Thursday, 7 August 2014

Killer Arguments Against LVT, Not (333)

From, interspersed with some drivel about people in rural areas being taxed out of existence:

Taxing only land would increase the cost of owning land, discouraging those with low incomes from purchasing land. Thus fewer people would be landowners...

Wealthy people and corporations tend to hold their wealth in assets other than land nowadays. Shifting the tax burden to land would only dissuade them more from holding land, thus the tax would not be progressive, but simply tax those that needed a lot of land to operate their business, such as farms.

Dude WTF? Both 'poor' and 'wealthy' people would own less land? Do these people even think about what they write?

All of this ably rebutted by Derek:

Sounds good in theory but in practice you will find that places with higher land taxes tend to have higher percentages of landowners because land taxes tend to lower the purchase price of land. Thus people don't need such large mortgages to buy it. They also find that the increased taxes are balanced by lower interest payments on those mortgages. So the ongoing cost is no different. Cheaper land encourages those with lower incomes to purchase. Thus more people would be landowners...

And if the rich are dissuaded from owning land that means that there is more for the poor to buy. After all someone must own it.

As it happens the value of the land that a person [occupies] is pretty closely related to how rich they are, so the Land Value Tax is more progressive than many people think. However it is also a voluntary tax in that nobody forces anyone to buy land. People can always rent land instead and pay no taxes. But they still choose to buy.

Why? Because ownership of land is a status symbol. Just as a billionaire buys a Bentley to show off when a Toyota would meet their travel needs more cost effectively, so they will buy expensive houses with huge estates and pay the taxes even though they could save a fortune by moving into an apartment in Nowheresville. It's a matter of prestige. They can afford to and you can't.
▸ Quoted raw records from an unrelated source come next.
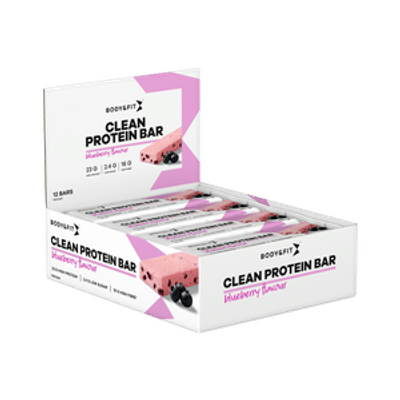 Body & Fit Clean Protein Bar Blueberry - 12 repen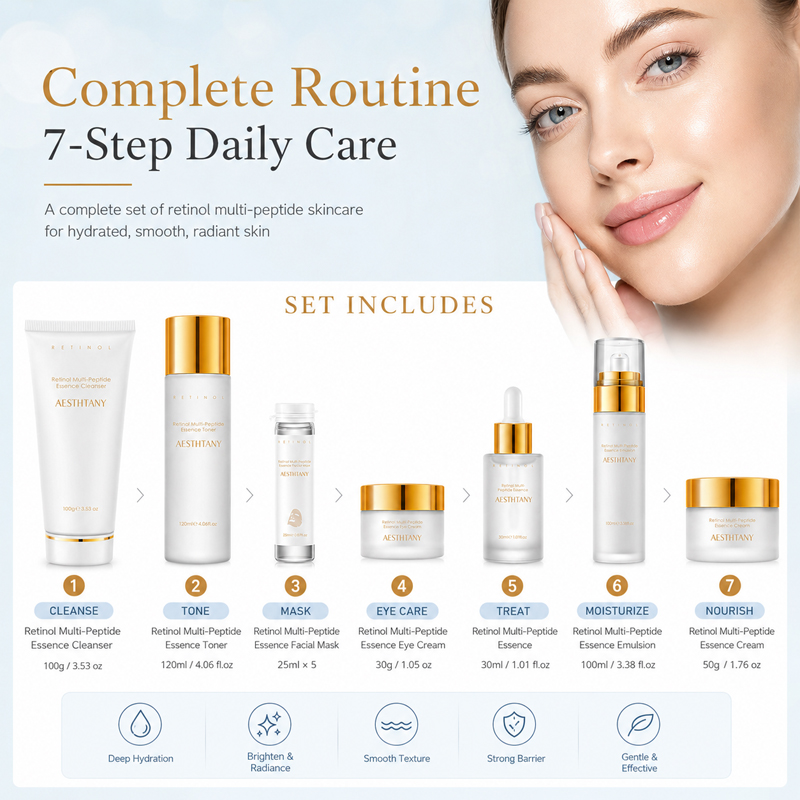 7PCS Retinol Multi-Peptide Ski - Skincare Skintific ulasan dan harga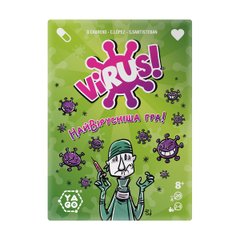 Настольная игра Yago VIRUS, Kiddi-80987, 3 - 16 лет, 3-16 лет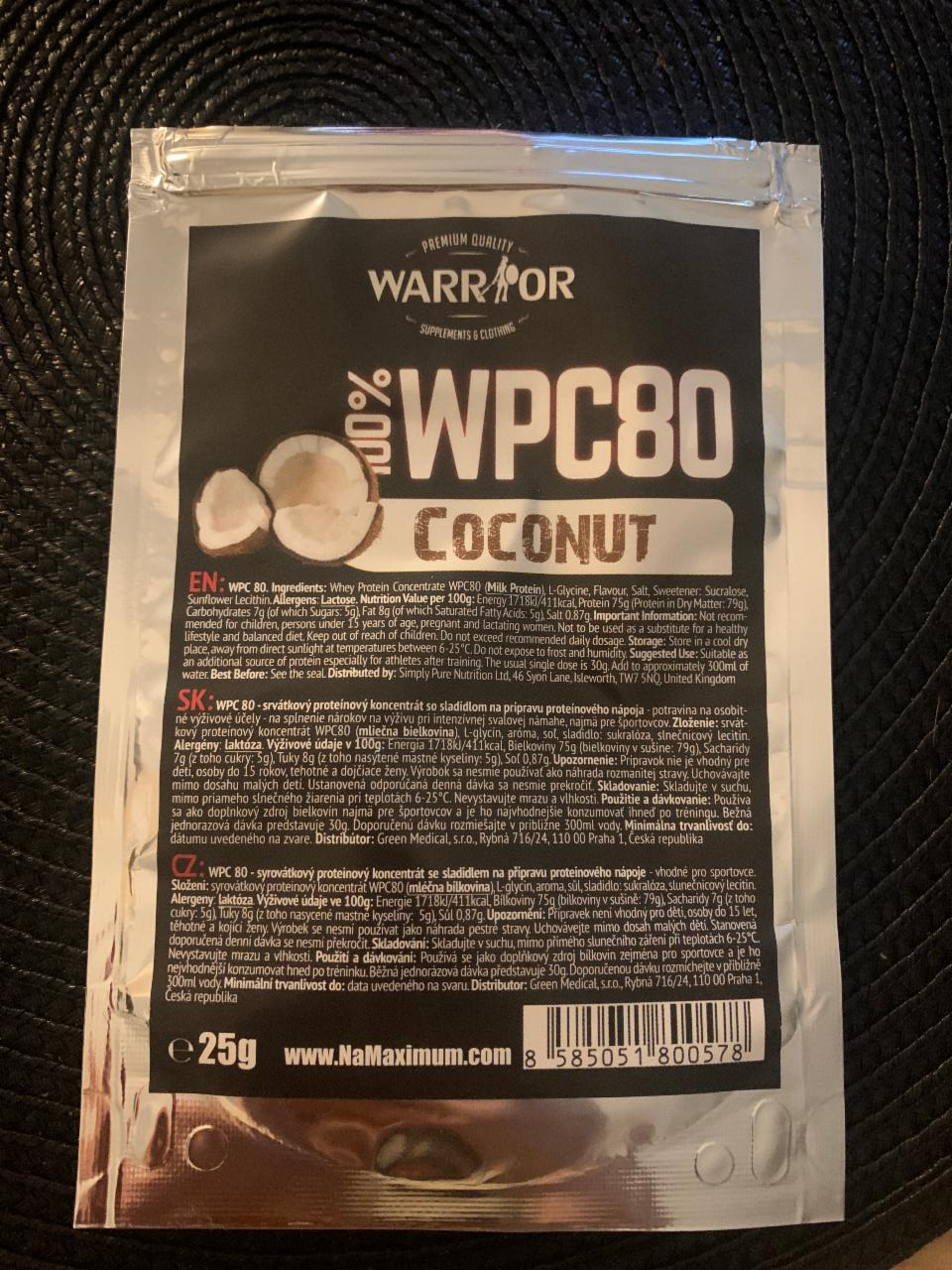 Фото - 100% WPC 80 Whey Protein coconut Warrior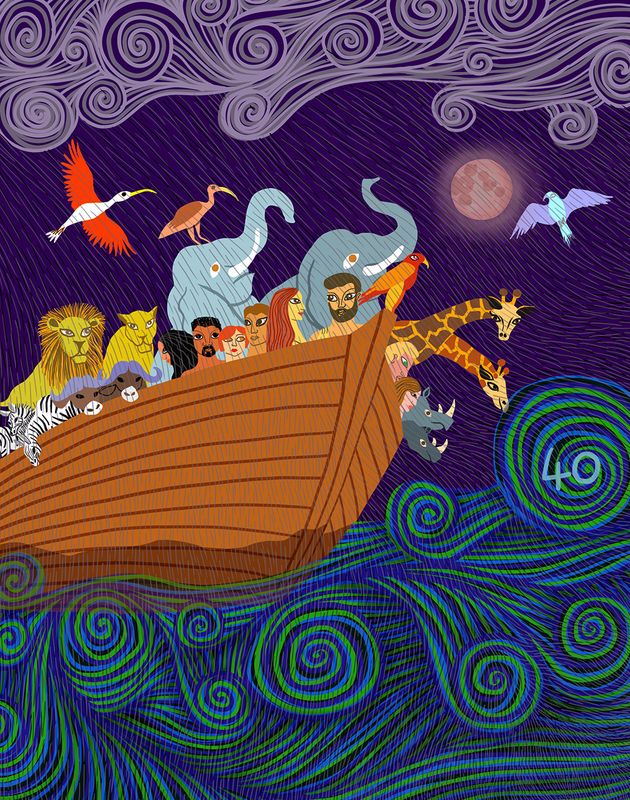 Genesis 7 - Noah's Ark in the Flood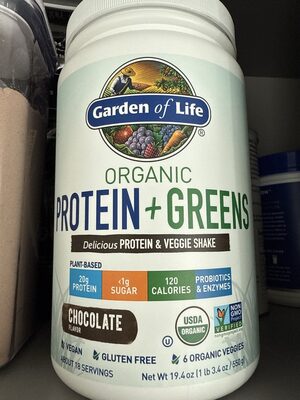 Protein + Greens Chocolate Powder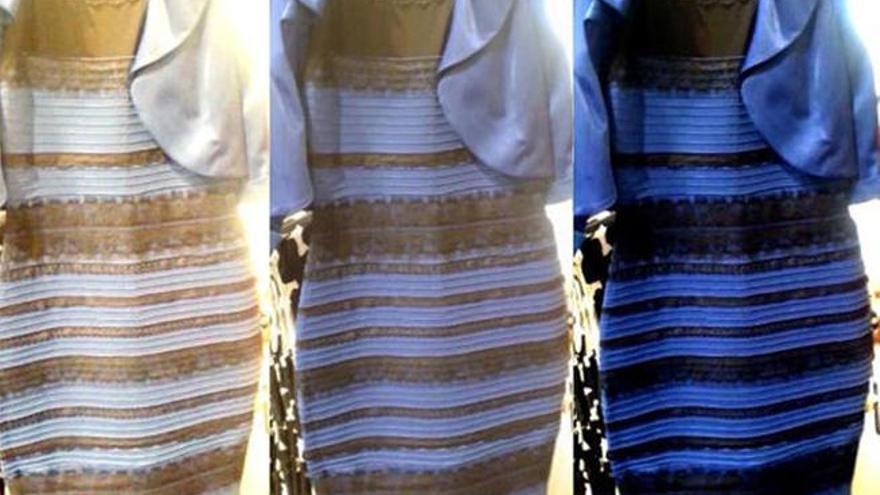 El famoso vestido viral es azul y negro - La Provincia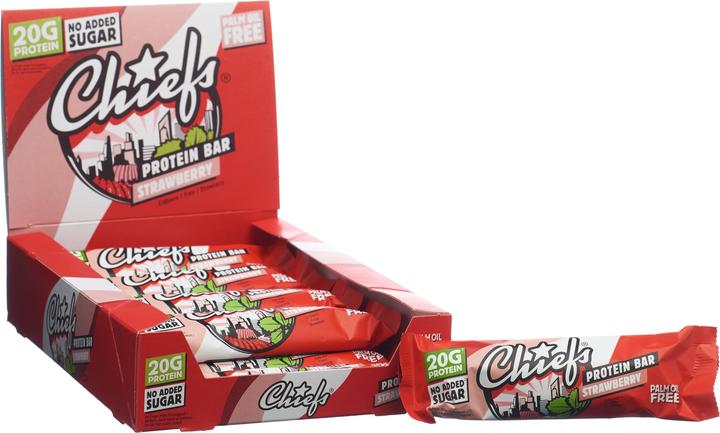 Produktbild Chiefs Protein Bar (Erdbeere, 12 Stk., 660 g)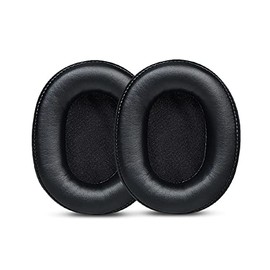 SR50BT Earpads Replacement Protein Leather Ear Pads Cushions Cover Repair Parts Compatible with Audio-Technica ATH-SR50BT DSR7BT S700BT WS770IS Wireless Over-Ear Headphones (Black)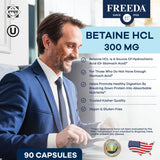 FREEDA Betaine HCl Multi-Enzyme Supplement side view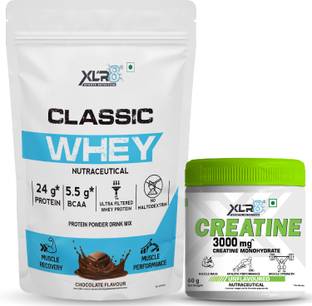 XLR8 Classic Whey , 24 g Protein, 5.5 BCAA, & Creatine Monohydrate Powder Whey Protein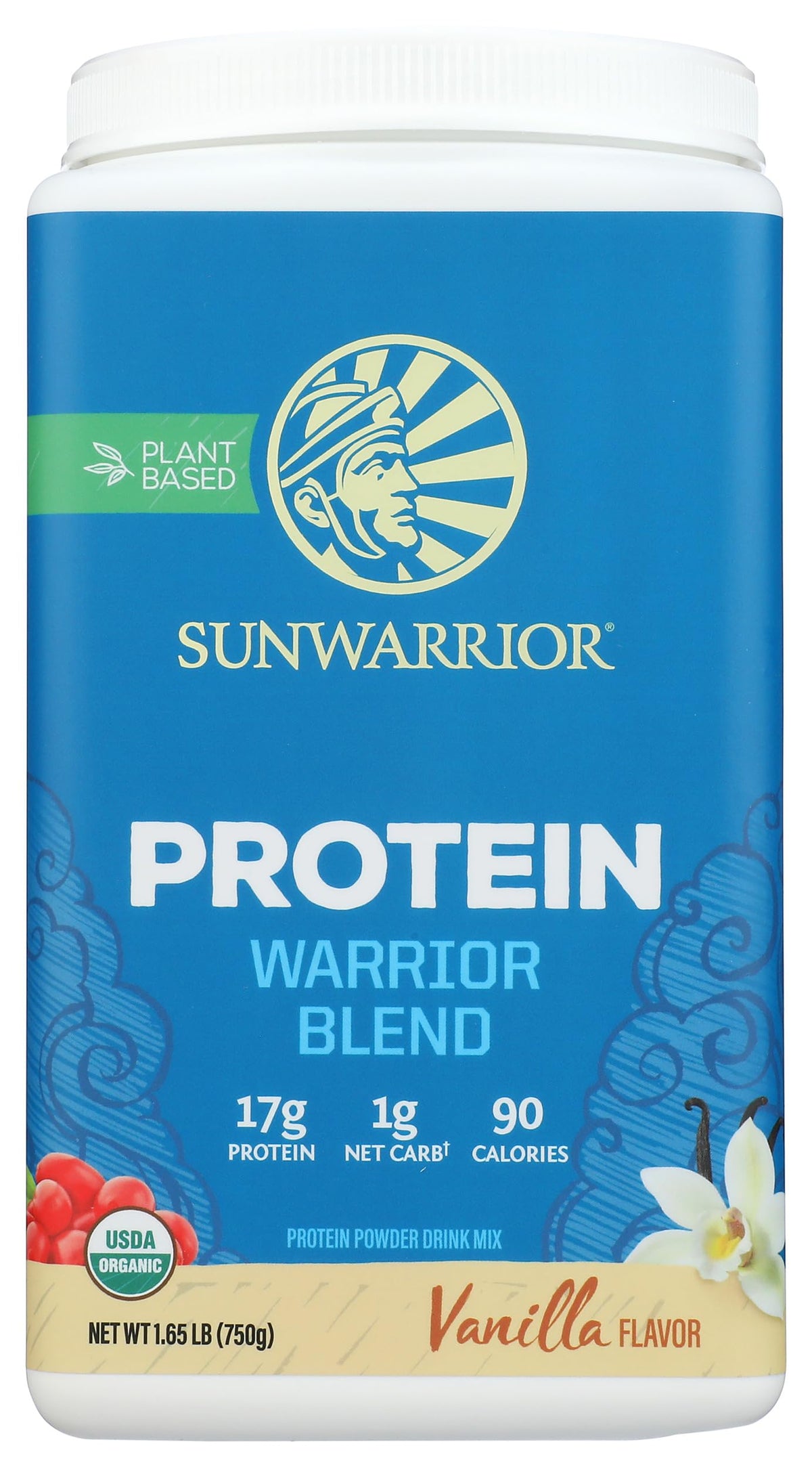 Sunwarrior Warrior Blend Organic Plant-Based Protein Powder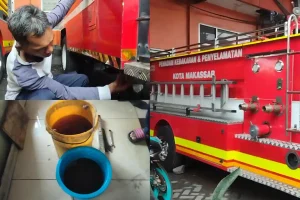 Viral Solar Mobil DInas Damkar Makassar Dicuri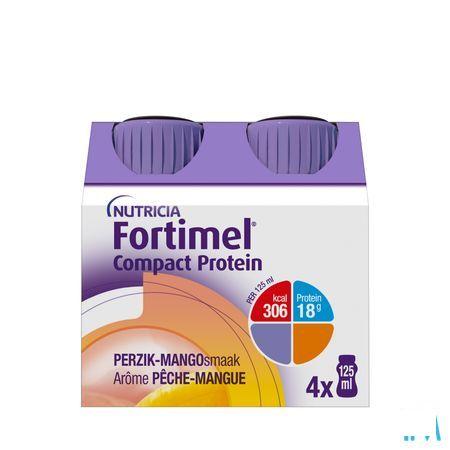 Fortimel Compact Protein Perzik-mango 4x125 ml  -  Nutricia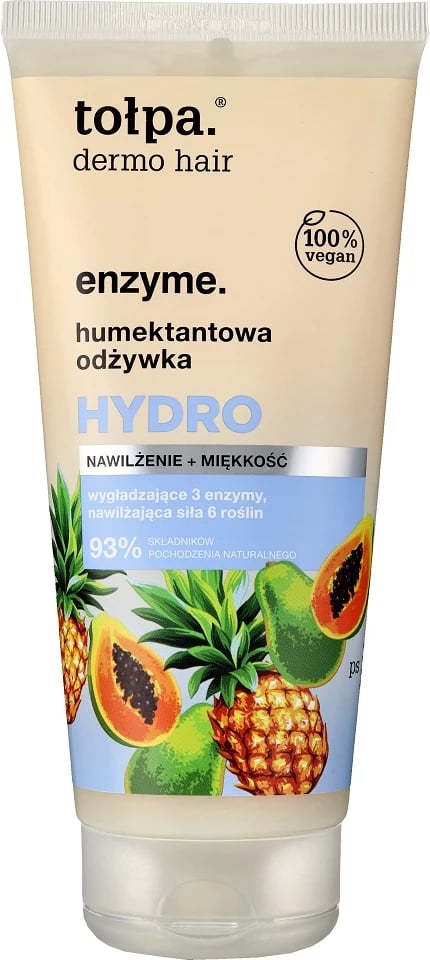 Balsam për flokë për femra Tołpa Dermo Hair Enzyme Humectant Hydro, 200ml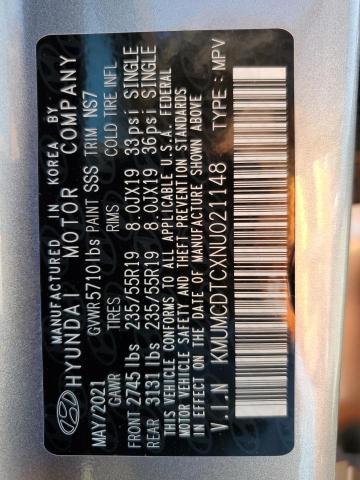 Photo 10 from auction – 2022 GENESIS GV70 BASE with VIN KMUMCDTCXNU021148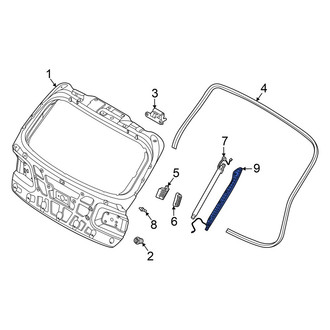 Genesis OE - Rear Left Power Door Resistance Pinch Sensor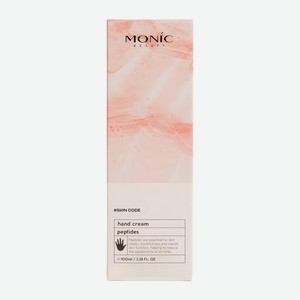 Крем для рук антивозрастной Monic Beauty # Skin code Peptides 100мл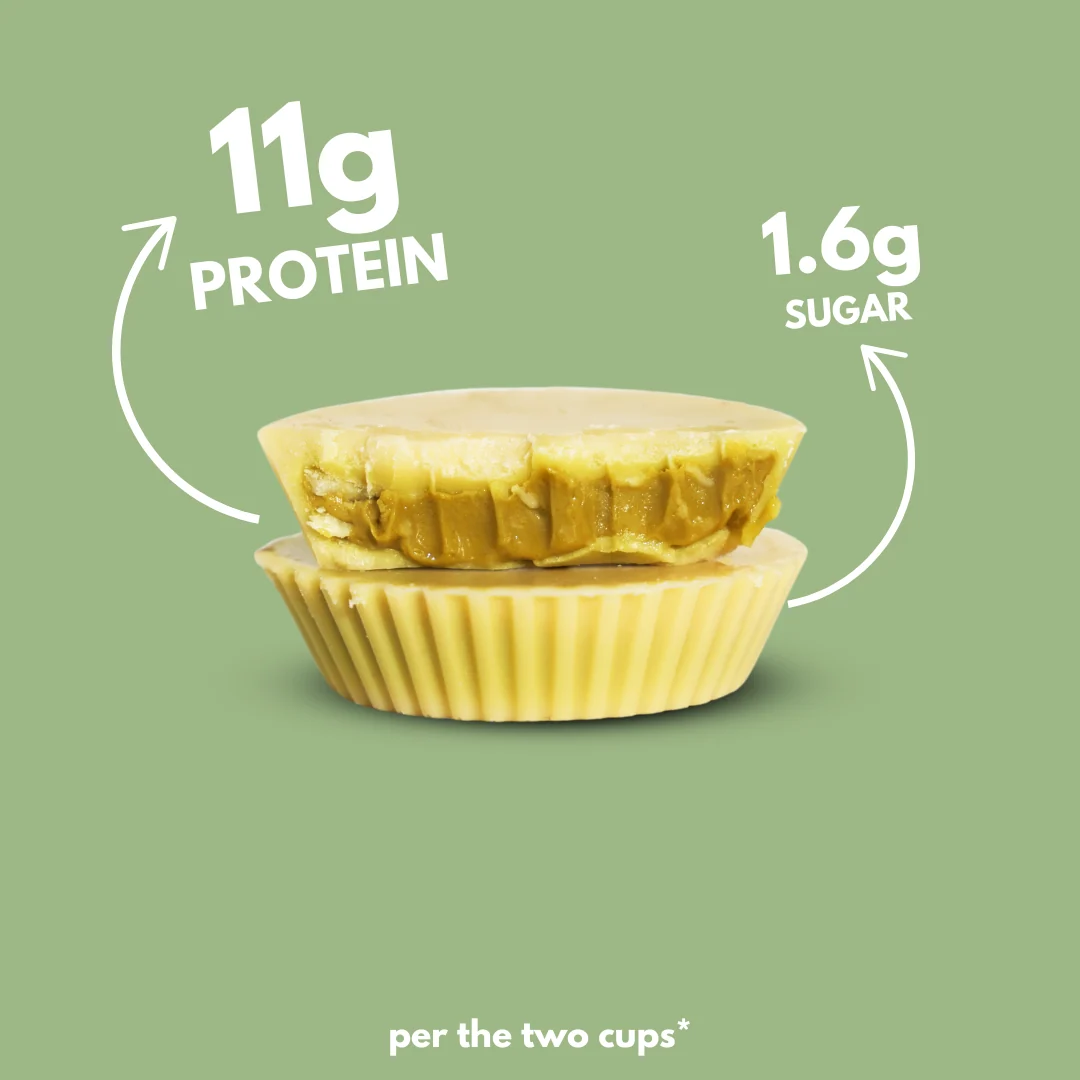 Nutry Nuts Zero Added Sugar Protein Peanut Butter Cups 12x42g White Choc & Pistachio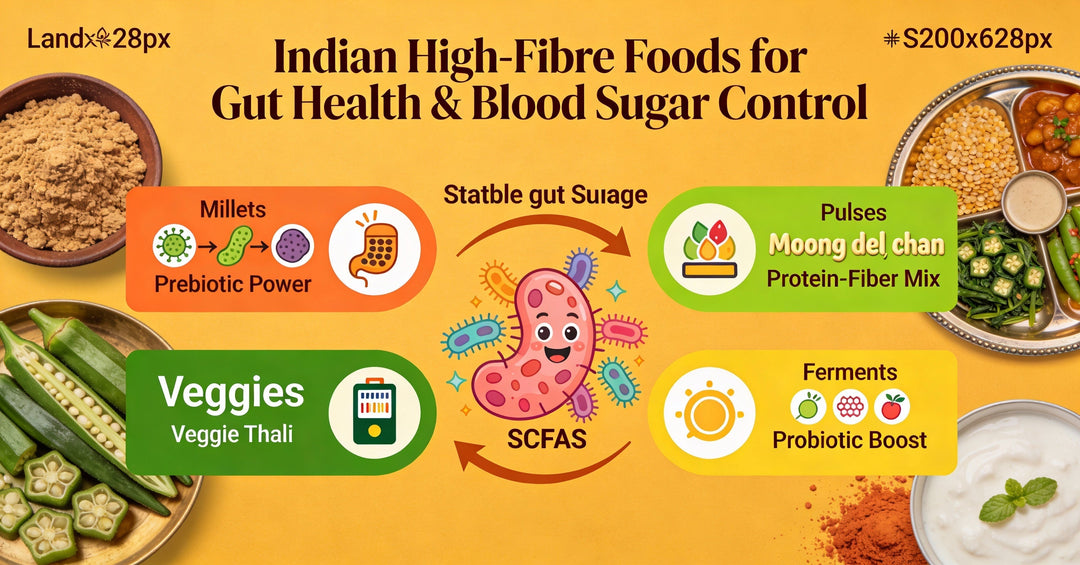 Indian High-Fibre Foods That Feed Good Gut Bacteria and Support Blood Sugar Naturally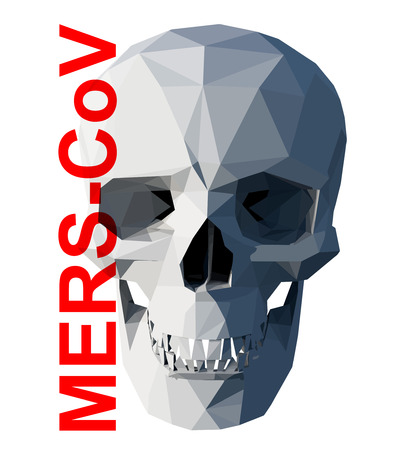mers-cov virus warning sign. 3d conceptの写真素材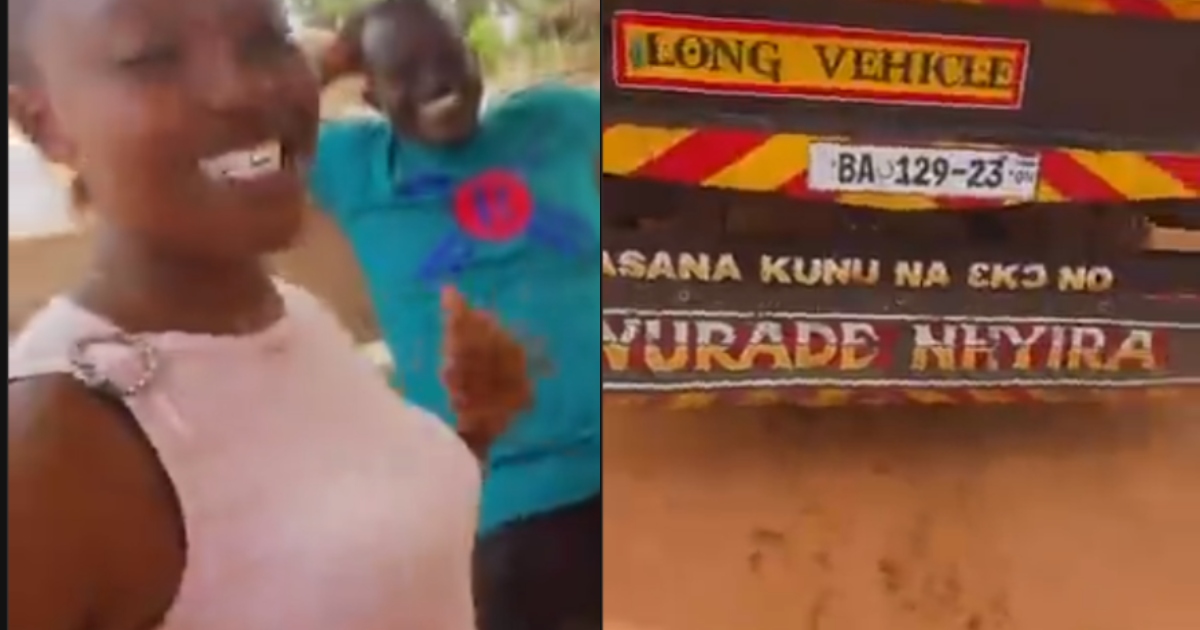 GH Driver Writes His Wife's Name On His Truck, Video Goes Viral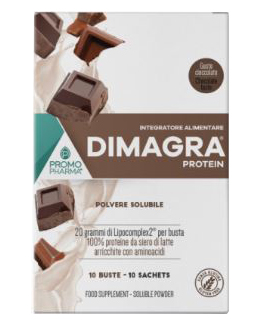 DIMAGRA PROTEIN CIOCCOLATO 10 BUSTE - pharmaluna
Clearly, Derek's point about conspicuous consumption is correct.

But the point is that really rich people don't own land because they are rich; they are rich because they own land/collect rents.

It is easily explained and easily observable that if land is heavily subsidised and lightly taxed, ownership will tend to become more and more concentrated in fewer and fewer hands over time.

Whoever starts with the most land (measured by rental value), even if that is only slightly more than what everybody else has got, can get richer and the expense of those who have less or no land (i.e. tenants). So it is then easier for him to buy more land than it is for tenants, who have little in the way of savings as they are paying it all in rent. That's the whole point of the game of Monopoly (invented by a Georgist to illustrate the point).

So reducing the subsidies and increasing the taxes on land leads to wider and more equal ownership. Nobody wants to own/occupy more than he actually needs (and the need to show off is a real human need), just like any other consumer good.

(LVT is not the only way of having a wider spread of ownership. Between 1945 and the 1980s, rent controls and savage taxation meant it was barely worthwhile being a private landlord any more so most of them sold up; mortgage restrictions meant they didn't get much of a windfall gain when they sold up.

This is what led to the rapid fall in landlord-owned homes/rise in owner-occupation levels during that period. Scrapping the controls and restrictions has led to an equally rapid increase in landlord-owned homes/decline in owner-occupation levels over the past 15 years.)


Lola said...

It was right to scrap the rent controls and other restrictions and 'savage' taxation (not sure what that means). But wrong not to compete the job on the other side of the equation and introduce LVT.

Mark Wadsworth said...

L, savage as in the rates were higher for rental income than employment, or at least that's what I once read, this might not have applied throughout the whole 40 year period. But rent caps and taxes on rent are similar things.

And of course LVT would have done a better job, but rent caps/mortgage restrictions were doing a pretty good job at encouraging a huge rise in owner-occupation rates and keeping prices down.